■ What you should do: Exactly retype the lines below from the one containing "BELLA + CANVAS 3413T" through the end of the listing. Leave pictures out.

━━ Data excerpt

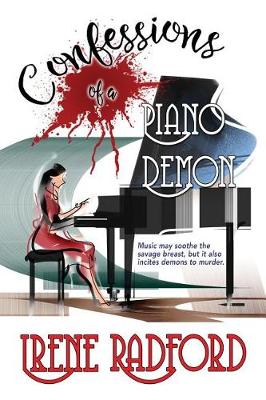 Book cover for Confessions of a Piano Demon
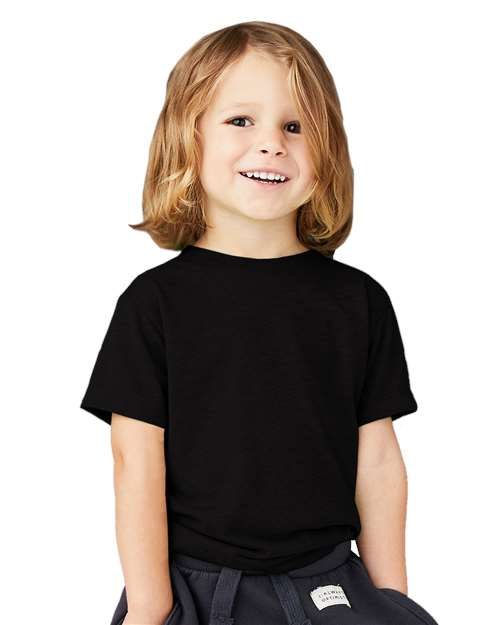 BELLA + CANVAS 3413T - Toddler Triblend Tee BELLA + CANVAS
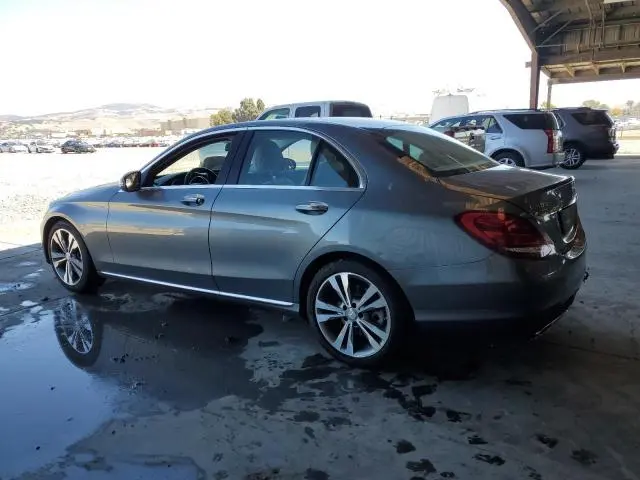 2017 MERCEDES-BENZ C 300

━━━━

■ Solution to this problem:
 BELLA + CANVAS 3413T - Toddler Triblend Tee BELLA + CANVAS
 2017 MERCEDES-BENZ C 300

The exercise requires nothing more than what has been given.